恶意代码的第一部分是 ('(' | % { ... })。这是一个障眼法,它仅仅是为了执行花括号 {} 中的一系列命令一次。核心是这些命令如何给变量赋值。

我们来手动跟踪一下变量的值:

  1. $r = + $(): $() 创建一个空数组,+ 运算符会将其转换为整数 0,所以 $r = 0
  2. $u = $r: $u = 0
  3. $b = ++ $r: $r 先自增变为 1,然后赋值给 $b。

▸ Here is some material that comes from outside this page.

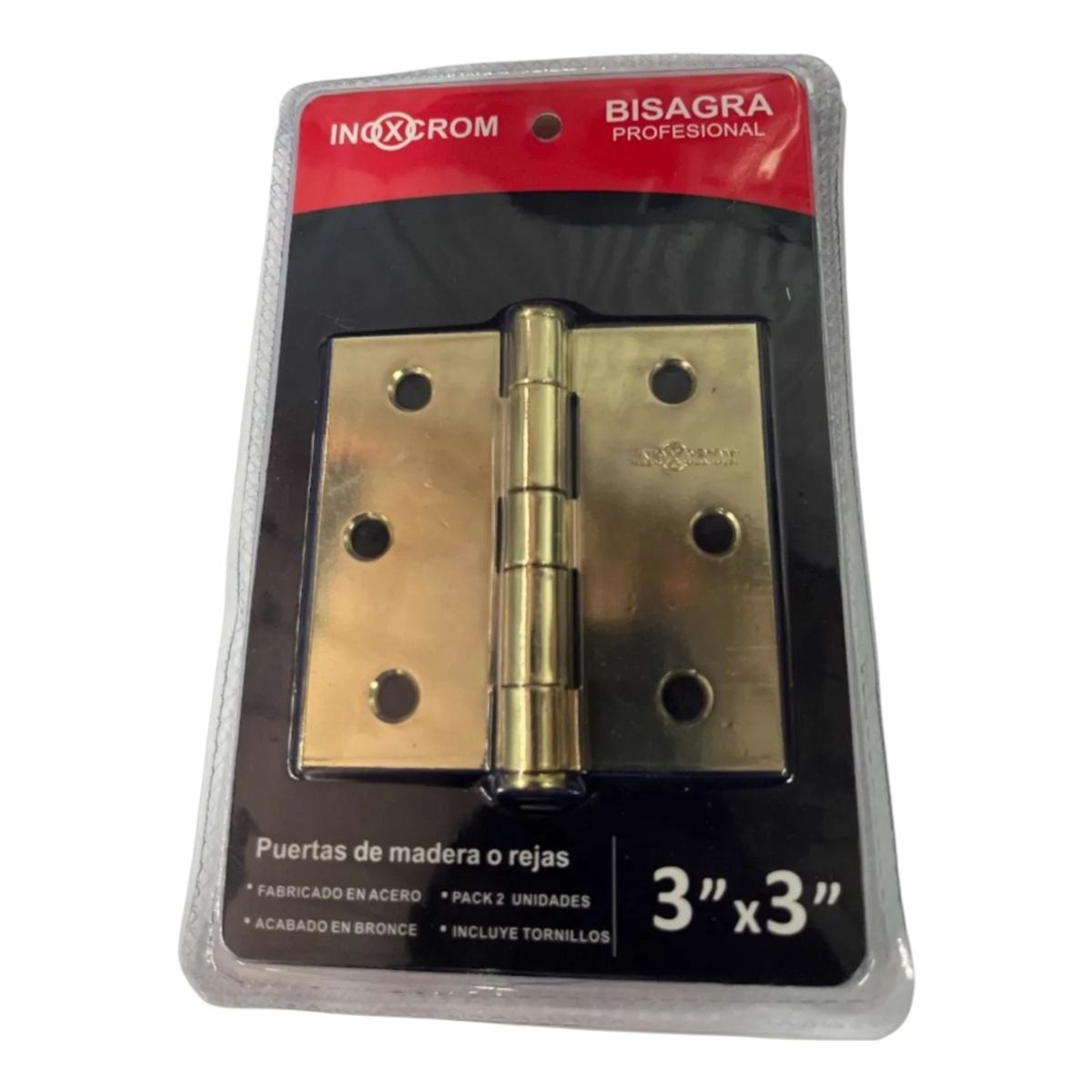 INOXCROM - Pack 2 Bisagras 3" x 3" BRONCEADA INOXIDABLE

所以 $b = 1, $r = 1
  4. $q = ( $r = $r + $b ): $r = $r (1) + $b (1) = 2,然后 $q 被赋值为 2,所以 $q = 2, $r = 2
  5. $z = ( $r = $r + $b ): $r = $r (2) + $b (1) = 3,然后 $z 被赋值为 3,所以 $z = 3, $r = 3
  6. 以此类推…

我们最终可以得到所有数字变量的值:

  • $r 的最终值在这一阶段是 9。
  • $u = 0
  • $b = 1
  • $q = 2
  • $z = 3
  • $o = 4
  • $d = 5
  • $h = 6
  • $e = 7
  • $i = 8
  • $x = ($q * $z) = 2 * 3 = 6
  • $l = 9

接下来是两个关键的字符串变量 $g$r 的赋值:

  • $g = ...: 它的结构是 “[…]”, 并且后面被用作 $g$z$x 这样的形式,这强烈暗示它最终会变成字符串 “[char]”,用于将 ASCII 码转换为字符
  • $r = ...: 它的最终用途是 | .$r,即作为命令执行

结论

  • $g 的作用相当于 [char] 类型转换
  • $r 的最终值是 IEX

整个命令的结构是:
" $r ( ...长字符串... )" | .$r

将我们分析出的 $r 值代入,就得到:
" IEX ( ...长字符串... )" | IEX

这是一种双重执行技巧,外层的 IEX 会执行管道传过来的字符串,即 "IEX (…)",这会再次调用 IEX 来执行括号内的内容

核心就在于括号里的长字符串。我们来看看它的构造方式:
$g$z$x+$g$x$i+$g$b$u$b+...

根据我们对 $g 的推断,这实际上是在做:[char]($z$x) + [char]($x$i) + [char]($b$u$b) + ...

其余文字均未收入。